Second, sharing opinions with peers is helpful in building and increasing one's confidence. Clearly expressing what one is trying to say requires confidence and sufficient knowledge; people need to self dress what to say with their own knowledge or experiences. Thus, giving useful feedback definitely strengthens one's confidence. Moreover, peer feedback helps student to take more responsibilities in learning process. Besides doing assignments, students have to read others' work carefully as well so that one is not only responsible for his/her own work but also the others'.

When peer feedback is established it allows students to interact with their peers and creates high social skills while learning material more effectively. Interaction with other students allows students to have better social approaches when interacting. Learning by peer feedback gives students more of an opportunity to work as a unit instead of individuals working alone. Working in groups gives students more useful life skill that well help prepare them for the future. Peer feedback gives more control to the student, the student can decide if they want to use the criticism their peers are giving them or not. When given options more students are more likely to give and absorb more feedback. Peer feedback has confirmed an increase in affect; students that have increasing responsibilities have more drive towards their work and a spike in confidence. Furthermore, Kristanto (2018) found that peer feedback is an essential element of peer assessment. In peer assessment, feedback from peers can provide suggestions or correction for students' future works as companion of the received grade.

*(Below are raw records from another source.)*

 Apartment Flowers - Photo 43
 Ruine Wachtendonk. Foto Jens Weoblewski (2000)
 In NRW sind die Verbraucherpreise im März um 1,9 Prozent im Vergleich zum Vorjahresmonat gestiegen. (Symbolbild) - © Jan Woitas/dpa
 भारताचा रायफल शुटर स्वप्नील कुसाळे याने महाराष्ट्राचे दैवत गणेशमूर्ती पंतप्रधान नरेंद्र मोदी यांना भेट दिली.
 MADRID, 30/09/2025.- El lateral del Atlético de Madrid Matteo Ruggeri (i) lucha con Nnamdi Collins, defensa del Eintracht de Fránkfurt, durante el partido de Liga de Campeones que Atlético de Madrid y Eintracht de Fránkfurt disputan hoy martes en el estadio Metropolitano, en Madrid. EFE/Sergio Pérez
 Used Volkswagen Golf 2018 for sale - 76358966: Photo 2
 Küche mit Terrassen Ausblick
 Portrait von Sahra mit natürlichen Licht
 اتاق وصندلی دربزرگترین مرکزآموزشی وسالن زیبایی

In addition, peer feedback reduces writing anxiety, especially in ESL students, and in effect improves the quality of their writing. Student’s awareness of their mistakes through their friend's opinions and the collaboration reduces anxiety. Peer feedback enlightens student's awareness of the similar difficulties and weaknesses in writing their peers encounter and eventually motivates and builds their self-confidence, reducing writing anxiety. Peer feedback effectively compliments teacher feedback for quality writing According to Jahin (2012) ESL students enjoy "social, cognitive, affective, and methodological benefits". Peer feedback thereby offers students a sense of audience, which increases their motivation and confidence in writing. The multiple reviews through peer feedback improve the quality of the ESL student’s writing. Hussein and Al Ashri (2013) explained that peer feedback can skill students into excellent writers as student’s apprehension to write the first time, eventually melts away.

Also, peer review is helpful because it develops students and makes them read and comment on each other to improve the process of writing with their peers. They can all feel the joy of sharing their comments and their writing within the group. Therefore, students become more confidence about their writing. However, Urzua reminds us of how crucial is the question of training learners to cope with the task of evaluating their peers. Students may not be able to ask constructive questions for redrafting.

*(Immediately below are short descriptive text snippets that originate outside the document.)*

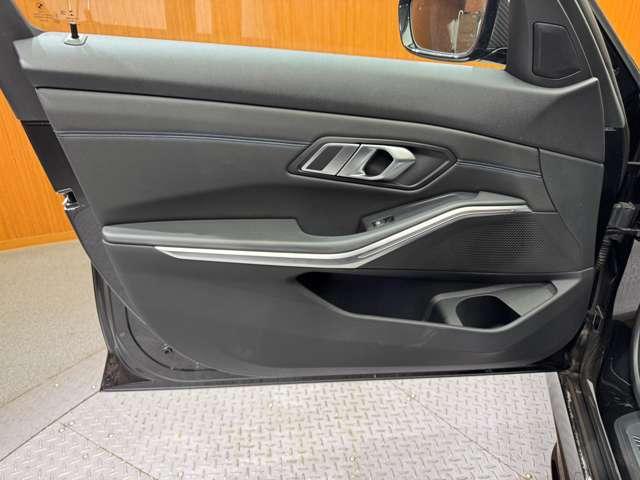 3シリーズ 330i Mスポーツ イノベーションパッケージ コンフォートパッケージ ファストトラックパッケージ ヘッドアップディスプレイ ACC 360°カメラ AppleCarPlay(45枚目)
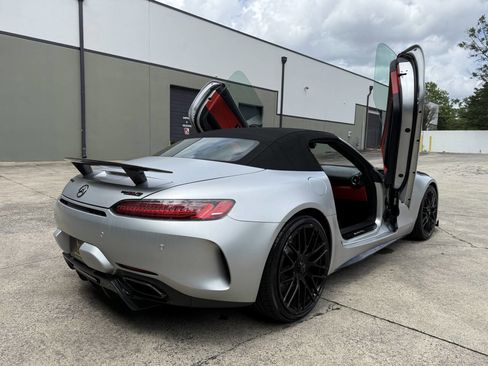 Used 2018 Mercedes-Benz AMG GT C image 16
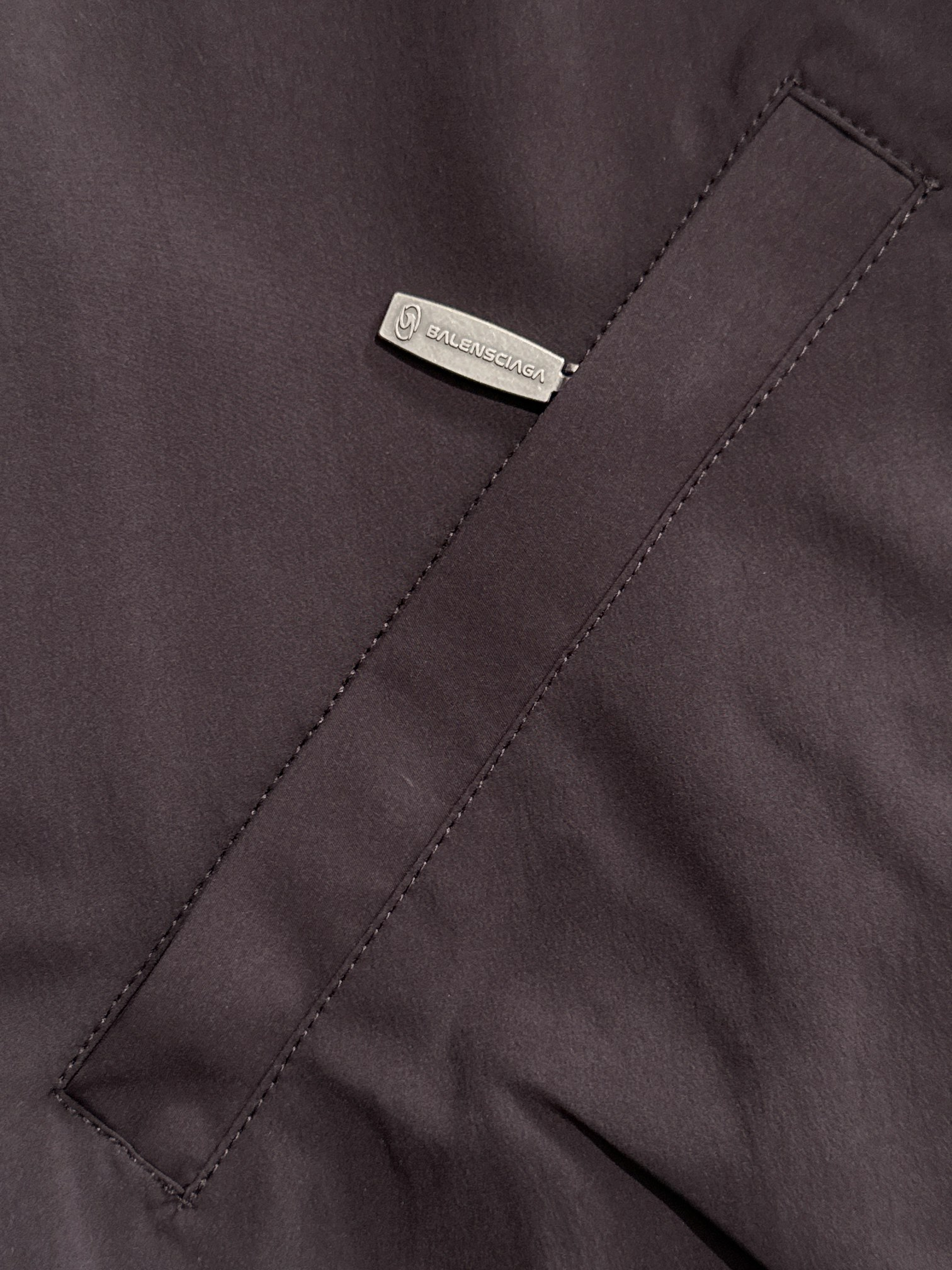 【BALENCIAGA  公式旗艦店】バレンシアガ   ジャケット着 ご好評に付き再入荷！250107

According to Benjamin Keating, peer feedback can actually recreate the unfair effects it aims to mitigate, not only between teachers and students, but also among students, especially in terms of gender (Spear;Stygall), race (Fox;Villanueva), linguistic differences (Allaei and Connor;Silva and Matsuda), and ideological differences (Horner;Myers;Trimbur).

==Need for additional training==
However, it is noted in several studies the difficulty in having students self-assess. One of the greatest difficulties is the accuracy of scores. Orsmond, Merry, and Reiling (1997) found that students often misjudged their assessments. Using a science class assessment project, they compared students' self-assessment scores with those of the teacher. They found that there was an overall disagreement between the markings of 86%, with 56% of students over-marking and 30% under-marking. They also noted a general trend of poor students tending to over-mark their work while the good students tended to under-mark their work.

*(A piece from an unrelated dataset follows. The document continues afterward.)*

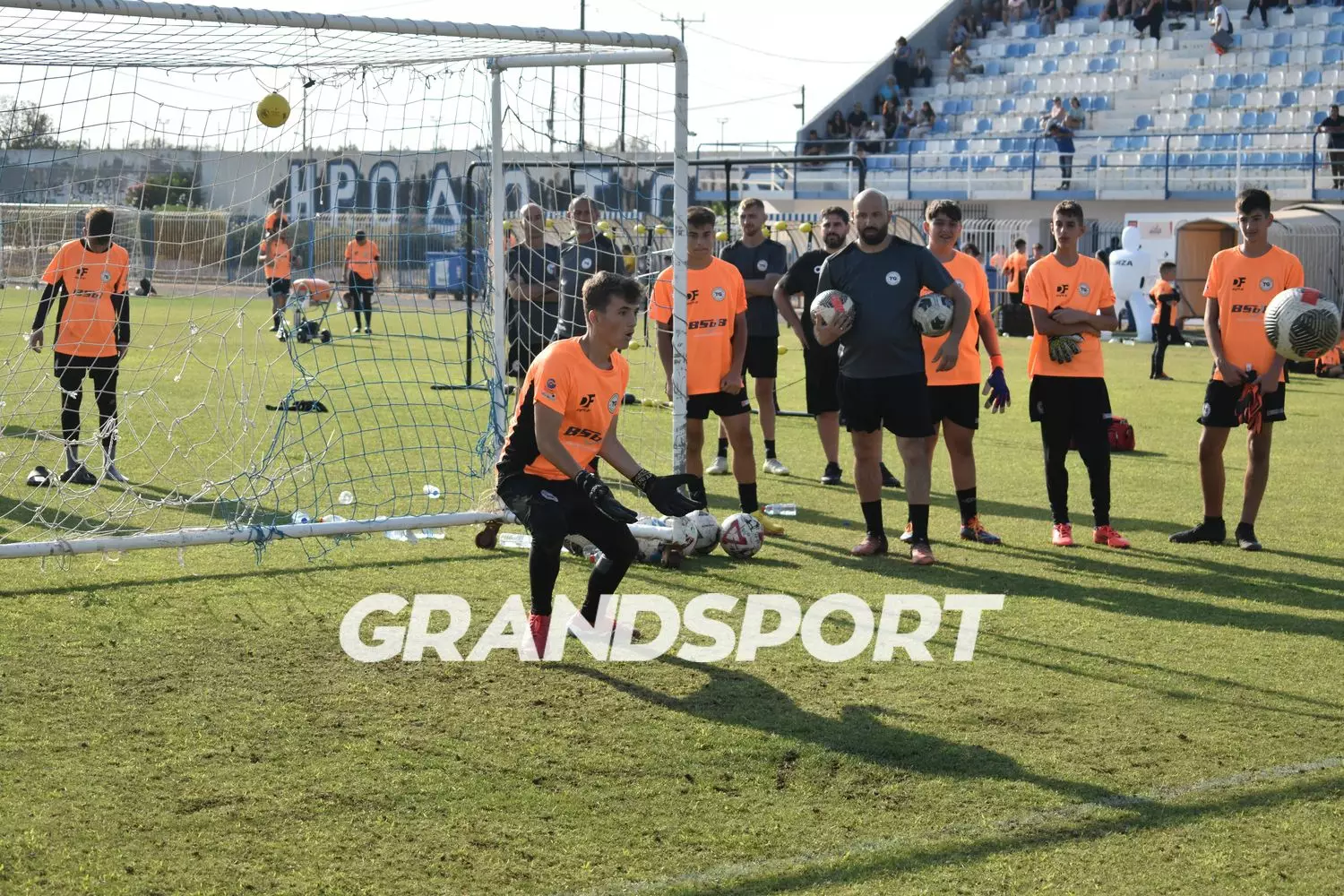 Ά&nu;&omicron;&iota;&xi;&alpha;&nu; &omicron;&iota; &epsilon;&gamma;&gamma;&rho;&alpha;&phi;έ&sigmaf; &gamma;&iota;&alpha; &tau;&omicron; 4th TG Elite Summer Camp by Dias Galerakis (vid)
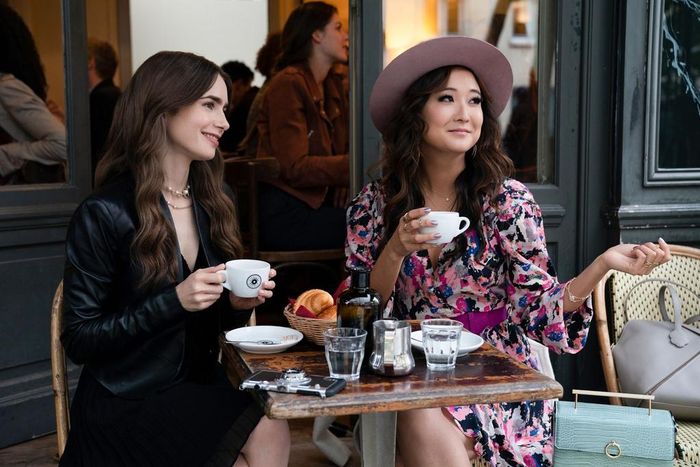  Emily in Paris thu hút hút khán giả bằng những bộ trang phục kiểu cách. Ảnh: Netflix.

Sadler (1989) counteracts these difficulties by emphasizing the need for teacher to pass the responsibility of assessment to the student through a process of students becoming a trainee in assessment. The teacher's role is to guide the student in critical evaluation of their learning. Providing guided but direct and authentic evaluative experience for students enables them to develop their evaluative knowledge, thereby bringing them within the guild of people who are able to determine quality using multiple criteria. It also enables transfer of some of the responsibility for making decisions from teacher to learner.

A study by McDonald and Boud (2003) investigated whether introducing self-assessment training would affect student learning, specifically on how they perform on external measures of achievement. Teachers were trained in self-assessment practices and then they introduced the practices to their students. In the end, both the student and the teachers responded well to the self-assessment practices. On average, students who were trained in self-assessment strategies outperformed their peers in all curriculum are assessments. The students also reported that the practices were not only helpful on the external assessments, but that they also impacted their perceptions of their classroom learning.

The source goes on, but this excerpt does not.